▶ PROBLEM REQUIREMENTS:
Exact transcript, pictures excluded: write out every record below.

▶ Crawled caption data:
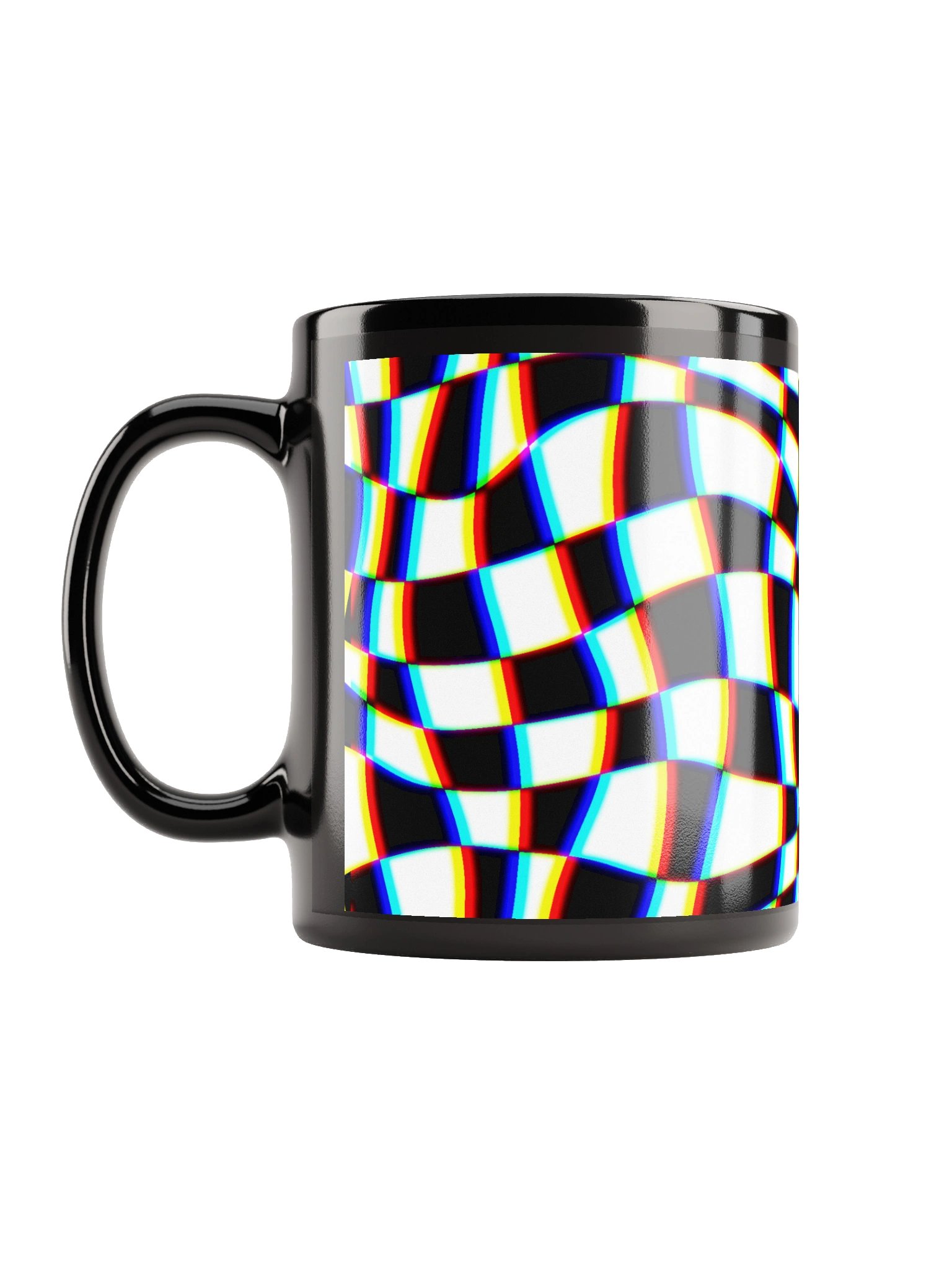 Trippy Checkered Black Mug product image (6)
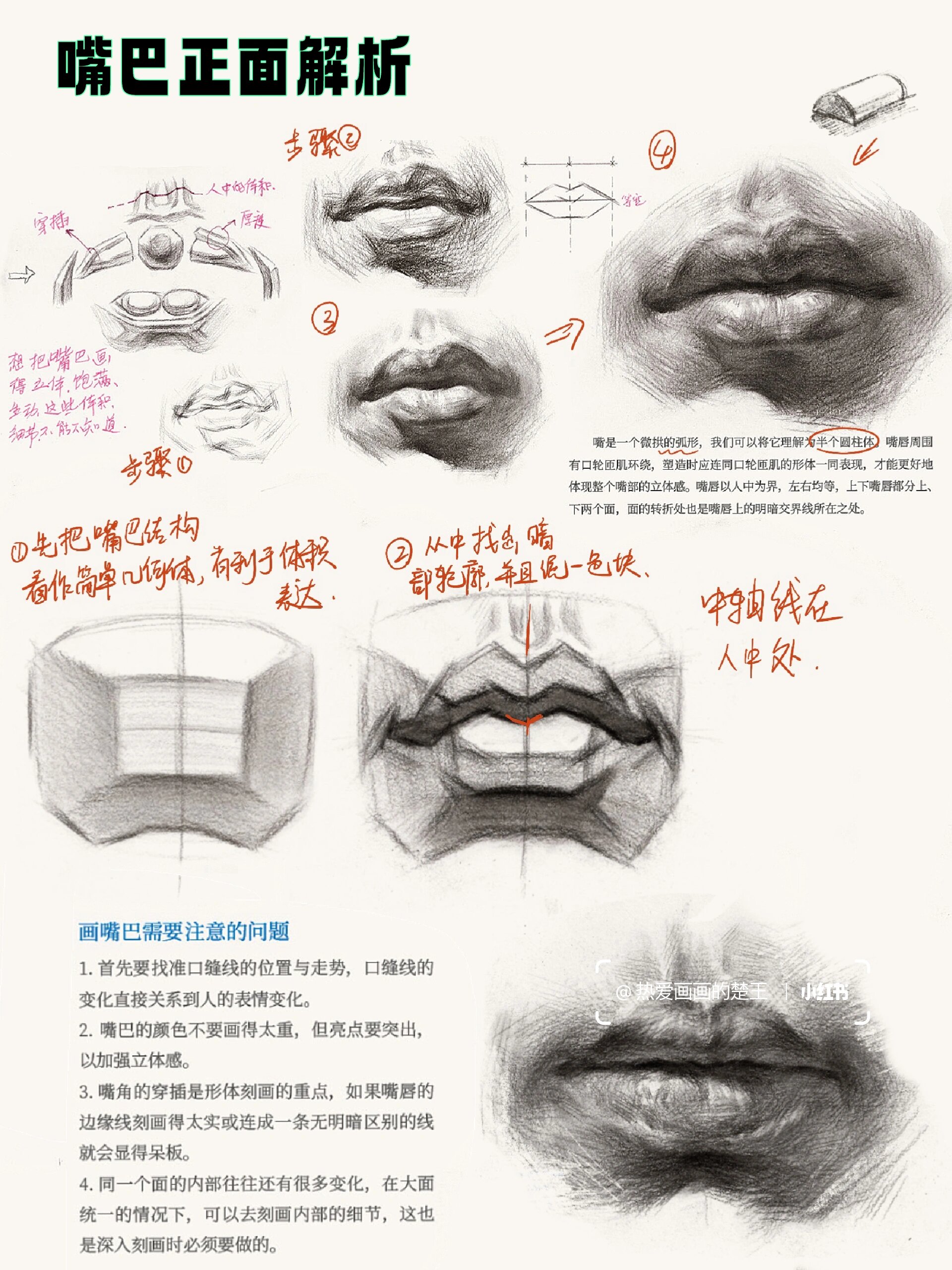 素描嘴唇 步骤图片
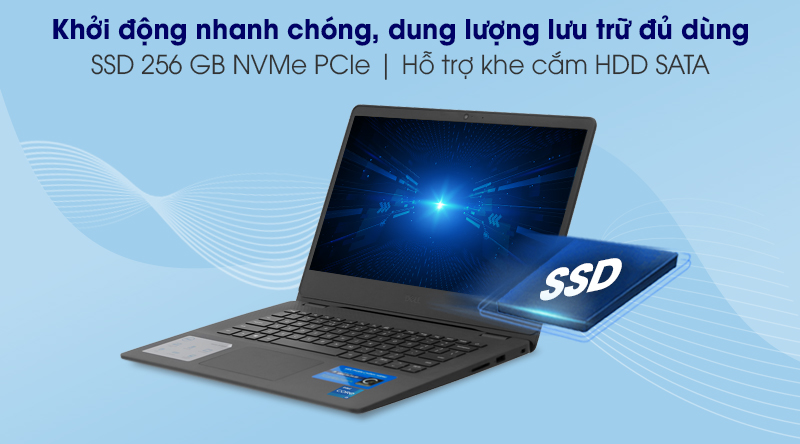 Laptop Dell Vostro 3400 i5 ổ cứng 256GB giúp bạn lưu trữ dữ liệu thoải mái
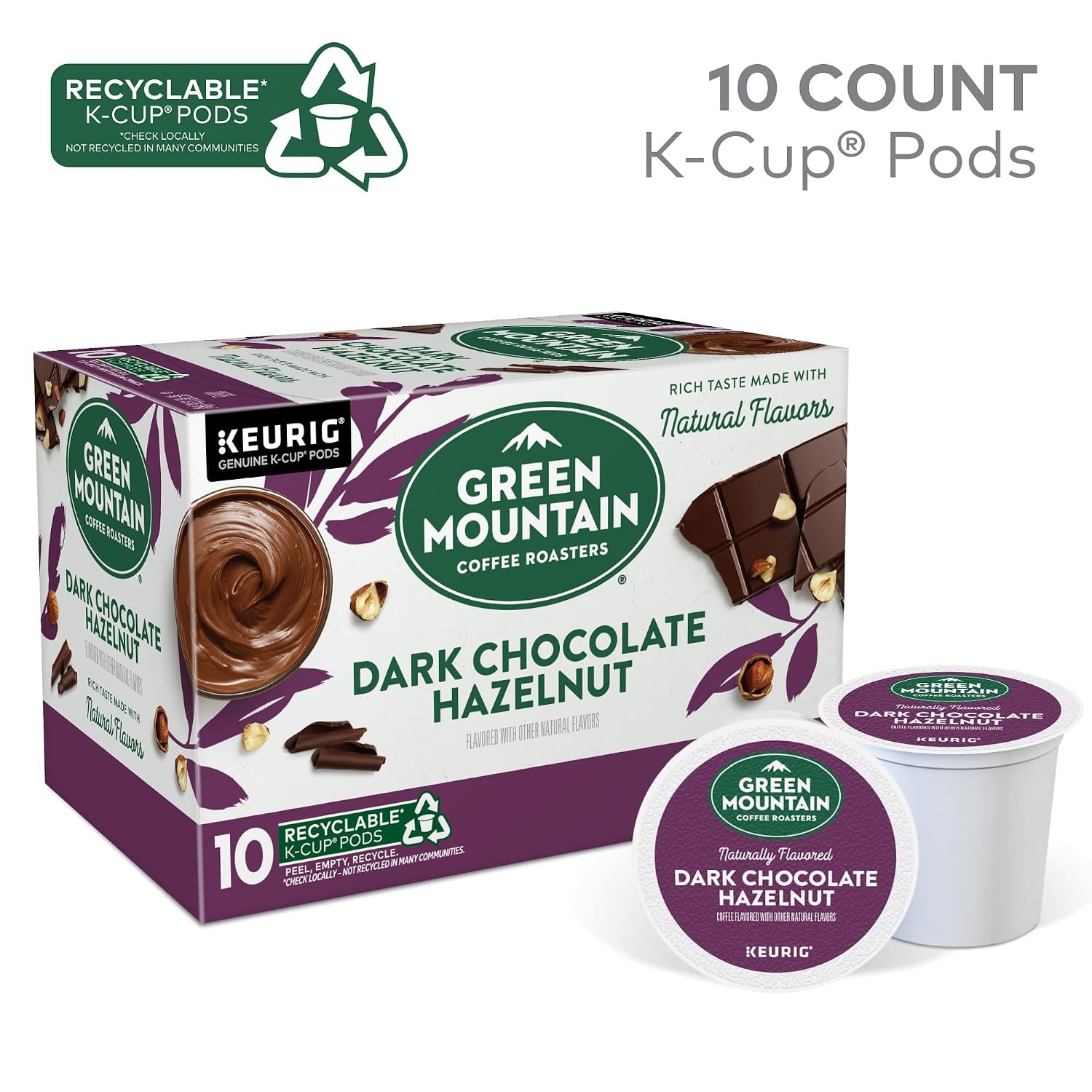 image:imageGreen Mountain Coffee Roasters Caramel Vanilla Cream Coffee Keurig SingleServe KCup pods Light Roast 96 CountDark Chocolate Hazelnut
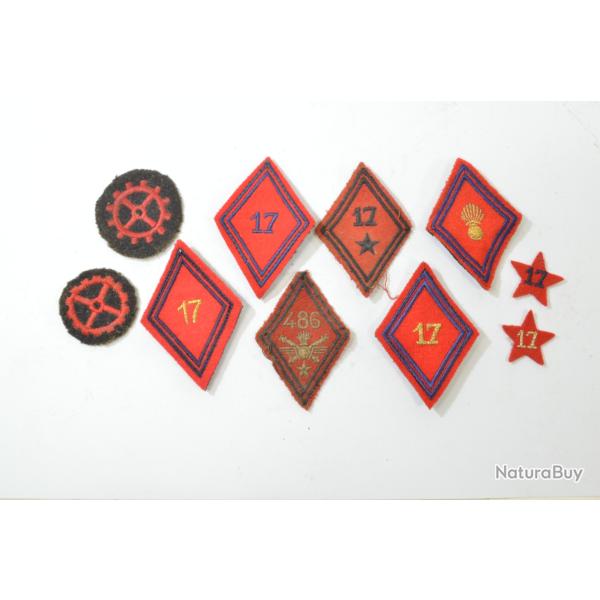 Lot losanges insignes de bras 17 RA R�giment d'Artillerie, 486 RAA, Indochine Alg�rie et moderne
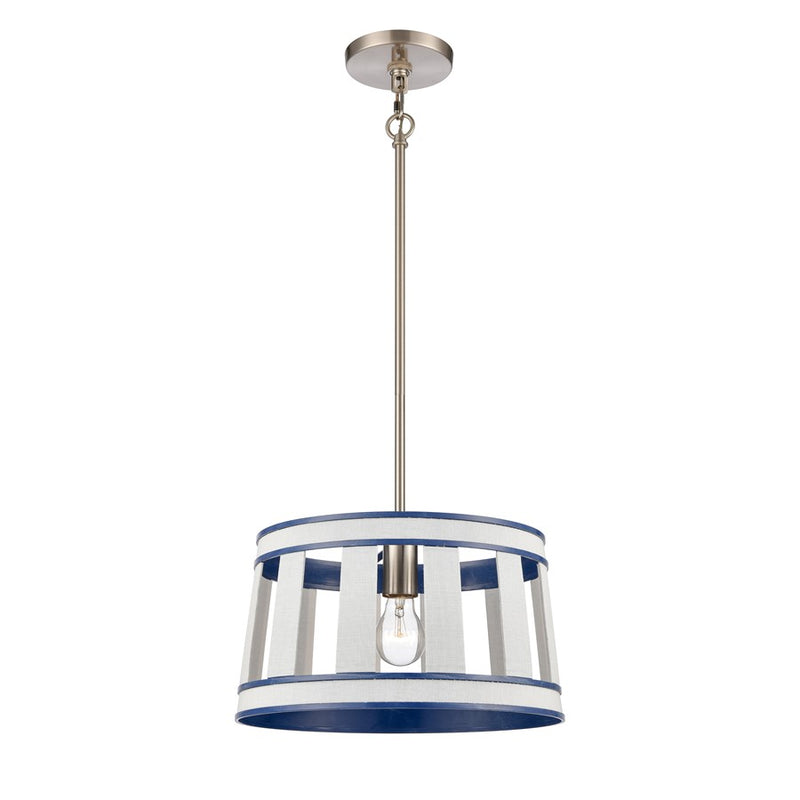 Atlas Lighting White Burlap 14in 1-Light Pendant | Coastal White and Ocean Blue Burlap Shade | Kitchen Island & Dining Room | Model CL11846-WH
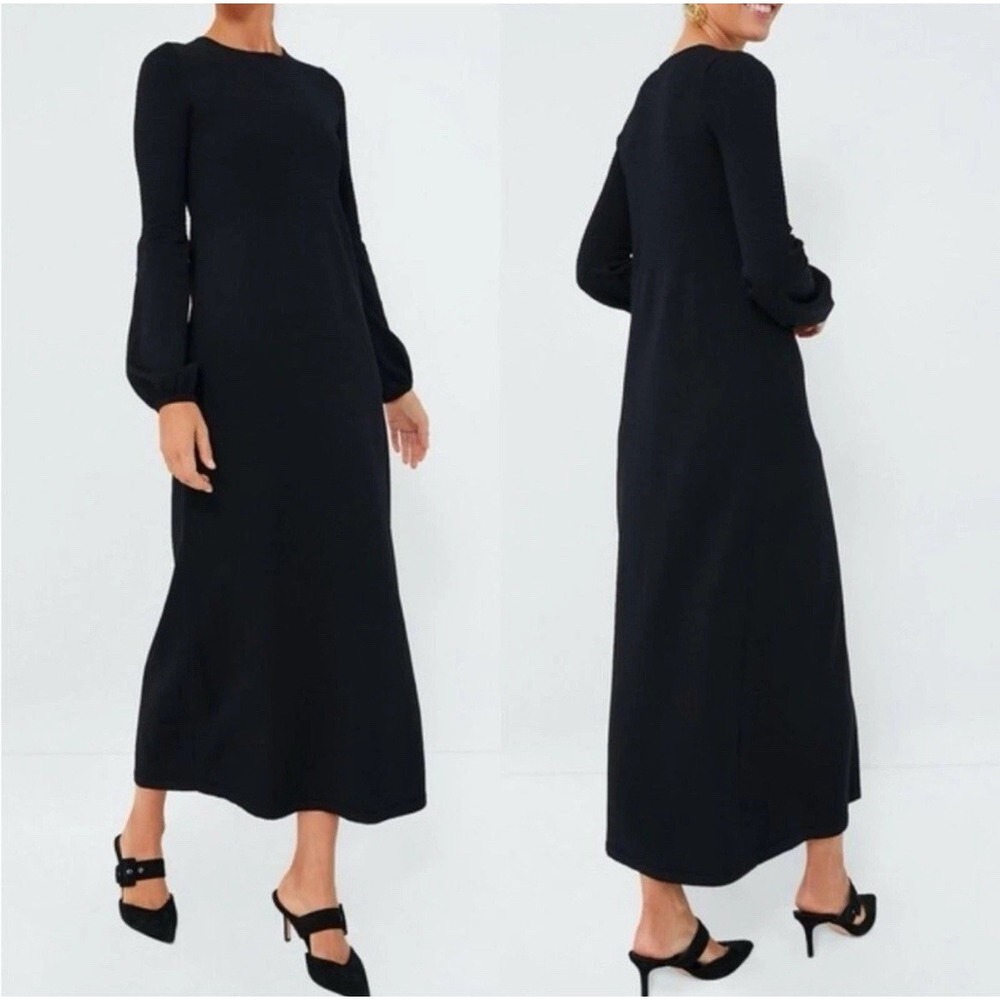 Tuckernuck Pomander Place Black Double Knit Lennox Maxi Dress Puff Sleeves XS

▶ ANSWER BELOW:
 Trippy Checkered Black Mug product image (6)
 素描嘴唇 步骤图片
 Laptop Dell Vostro 3400 i5 ổ cứng 256GB giúp bạn lưu trữ dữ liệu thoải mái
 image:imageGreen Mountain Coffee Roasters Caramel Vanilla Cream Coffee Keurig SingleServe KCup pods Light Roast 96 CountDark Chocolate Hazelnut
 Lot losanges insignes de bras 17 RA R�giment d'Artillerie, 486 RAA, Indochine Alg�rie et moderne
 Atlas Lighting White Burlap 14in 1-Light Pendant | Coastal White and Ocean Blue Burlap Shade | Kitchen Island & Dining Room | Model CL11846-WH
 Tuckernuck Pomander Place Black Double Knit Lennox Maxi Dress Puff Sleeves XS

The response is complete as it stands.